(Captioned web images)
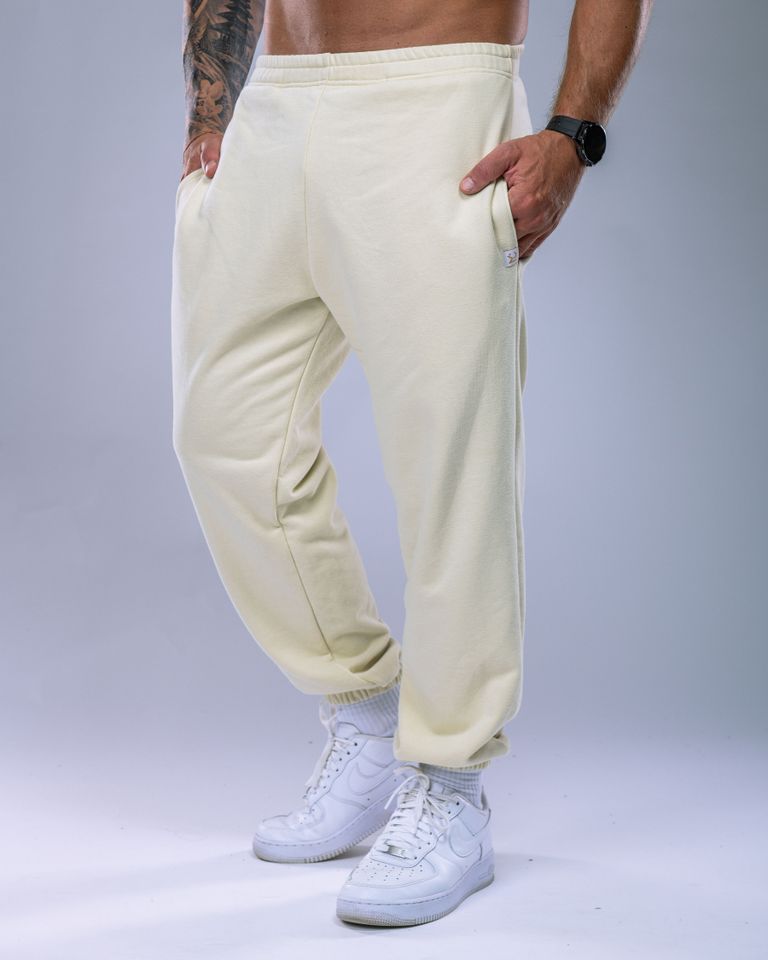 Unisex tepláky regular žluté XS-0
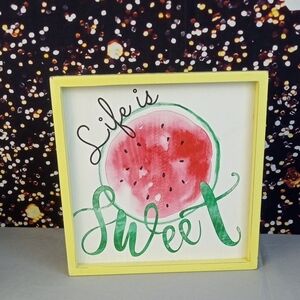 🌼 Young's Life is Sweet Watermelon Wall Art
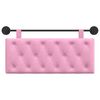 vidaXL Hangend Hoofdeinde Wandgemonteerd Roze 110 x 55 x 7 cm Stof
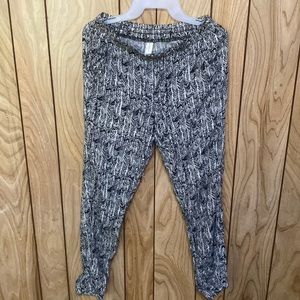 Black and white dress pants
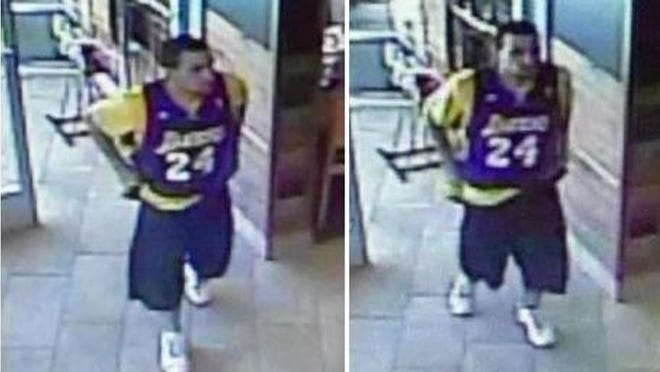 Police say this man stole a woman’s a purse outside of a Panera restaurant this morning (Photo provided)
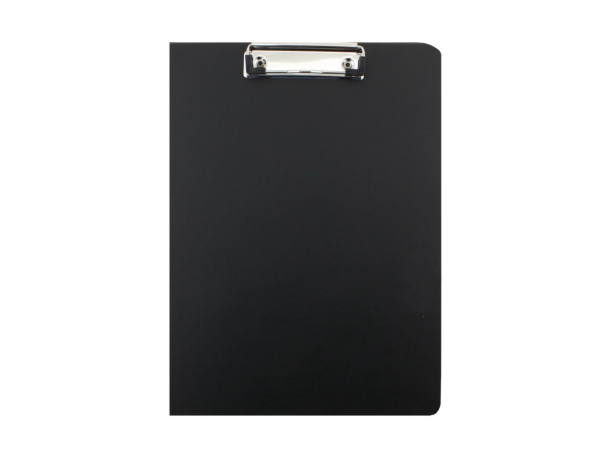 Clipboard dublu  A4,Daco, cu mecanism de prindere, albastru, negru, rosu
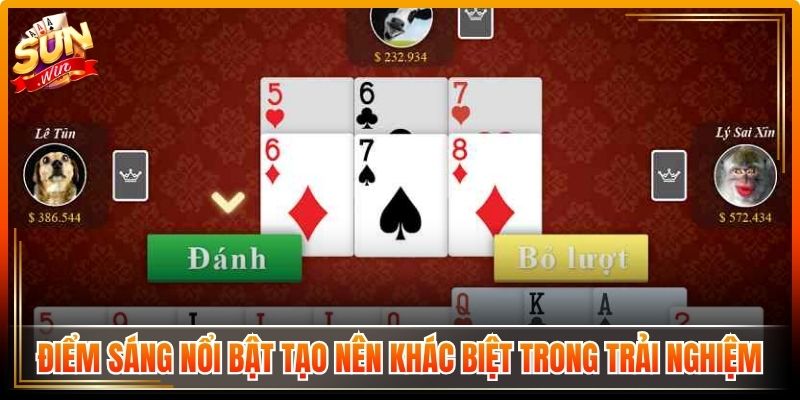 Tiến Lên Miền Nam Sunwin – Trải Nghiệm Bài Chiến Thuật 2 Điểm sáng nổi bật tạo nên khác biệt trong trải nghiệm
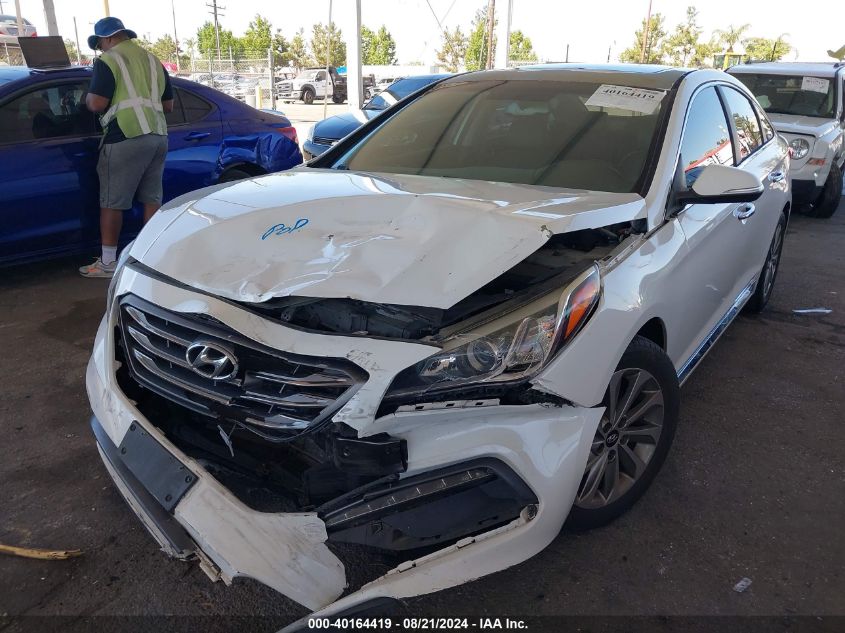 2016 HYUNDAI SONATA SPORT - 5NPE34AF4GH361204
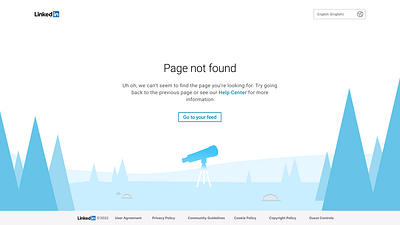 Redesign for Linkedin ( Page Not Found ) Page figma illustration linkedin page not found ui ux vector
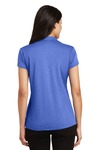 Port Authority L576 Ladies Trace Heather Polo Back Thumbnail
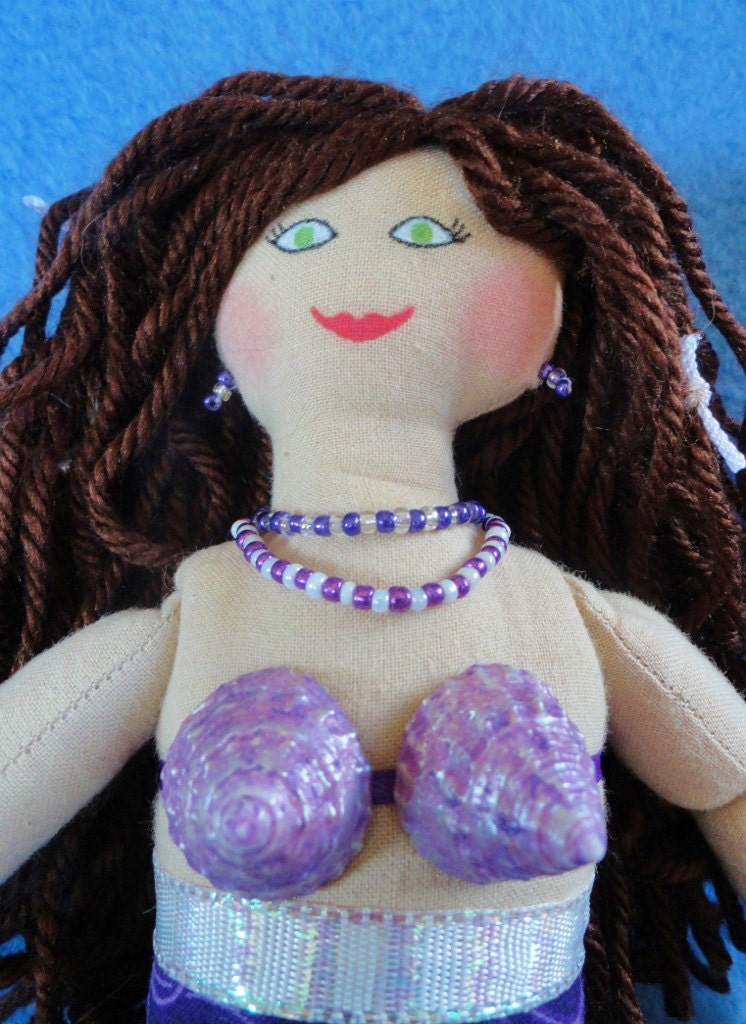 Mermaid Doll - OOAK Cloth Doll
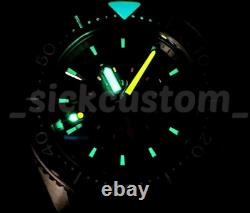 BLACK CARBON Solid Titanium Automatic Diver GMT Sea Lord 42mm Mod 200m SAPPHIRE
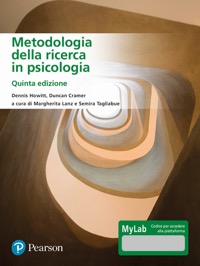 copertina di Metodologia della ricerca in psicologia ( con MyLab )
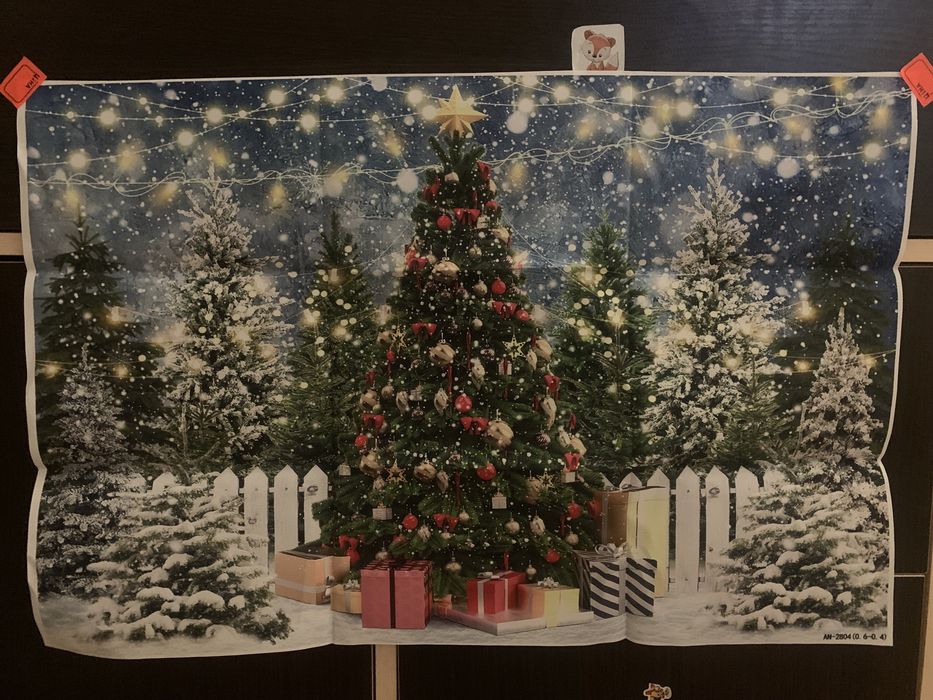 Фон для фото, постер новорічний, інтерьерний постер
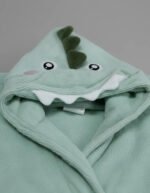Bata Baño Toalla Infantil Con Capucha Mini Zoo Ultra Soft T8 Cocodrilo Verde 8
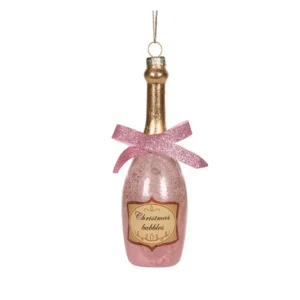 Hanging Ornament Glass Pink Christmas Bubbles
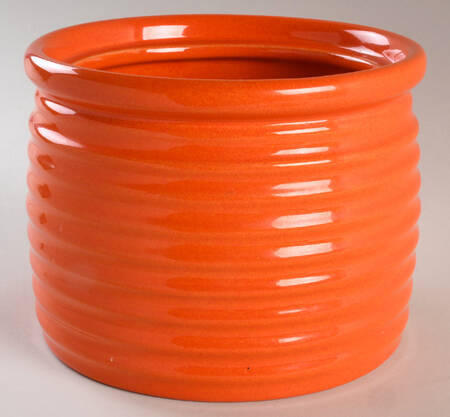 Ring Orange (New, Circa 2000) 6" Storage Jar No Lid
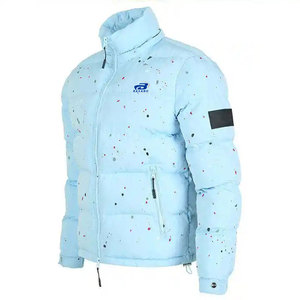 <b>Men</b> Sublimation Puffer <b>Jacket</b> Custom Full Print Warm Lightweight Winter Outerwear <b>Jacket</b> - Product Image 3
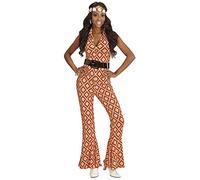 W WIDMANN MILANO Party Fashion - Costume tuta anni '70, Disco Fever, Dancing Queen, costumi in maschera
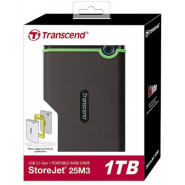 Transcend 1TB USB 3.1 Military Drop Tested External Hard Drive With 3 Layer Protection- Black,Green External Hard Drives TilyExpress 2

What is needed: The range runs from the line containing "Фон для фото, постер" through the end of the entries; print those lines exactly and leave the pictures out.

Response to this task:
 Фон для фото, постер новорічний, інтерьерний постер
Bata Baño Toalla Infantil Con Capucha Mini Zoo Ultra Soft T8 Cocodrilo Verde 8
 Hanging Ornament Glass Pink Christmas Bubbles
 Ring Orange (New, Circa 2000) 6" Storage Jar No Lid
 <b>Men</b> Sublimation Puffer <b>Jacket</b> Custom Full Print Warm Lightweight Winter Outerwear <b>Jacket</b> - Product Image 3
 W WIDMANN MILANO Party Fashion - Costume tuta anni '70, Disco Fever, Dancing Queen, costumi in maschera
 Transcend 1TB USB 3.1 Military Drop Tested External Hard Drive With 3 Layer Protection- Black,Green External Hard Drives TilyExpress 2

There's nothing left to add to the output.